II

Antes de alejarse para atender a los repetidos llamados de su amo, Wilderkin le había dicho:

—Podrá usted ver a la dama Hild en seguida, señorito Walter.

Aquello era un inesperado placer. La salud de su madre era tan incierta, que el muchacho no estaba seguro de poder verla antes de ir a Bulaire.

Desde hacía diez años o más, aquella señora no había salido de su habitación sino en raras oportunidades, cuando se presentaba a comer o, en ciertas tardes, más raras aún, cuando salía a pasear por su jardín después de la caída del sol. Si acudía a la mesa, se sentaba en la grada, al lado de su padre, mas entre ellos no se cambiaba palabra alguna.

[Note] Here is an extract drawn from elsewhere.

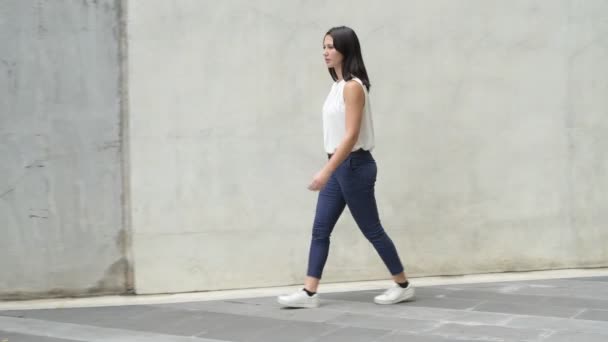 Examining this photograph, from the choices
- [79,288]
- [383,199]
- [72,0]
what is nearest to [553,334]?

Walter siempre había estado convencido de que su madre se mantenía oculta porque la vida había perdido para ella todo sabor. Su camera era la habitación más amplia del piso alto, aunque no muy apropiada para una estancia tan continua. Tres de sus costados daban al exterior, lo cual significaba que era muy calurosa en verano y fría en invierno. Sin embargo, de ningún modo había podido convencérsele a la señora de que cambiara de cuarto. Cuando Walter le hablaba del asunto, ella le sonreía suavemente diciéndole que era una criatura de costumbres, y que no podría estar contenta en ninguna otra parte. El muchacho sabía cuál era el verdadero motivo de aquella terquedad; por la ventana que daba al este, podía ver muy a lo lejos, recortadas contra la negra silueta de Algitha Scaur, ¡las almenas de Bulaire!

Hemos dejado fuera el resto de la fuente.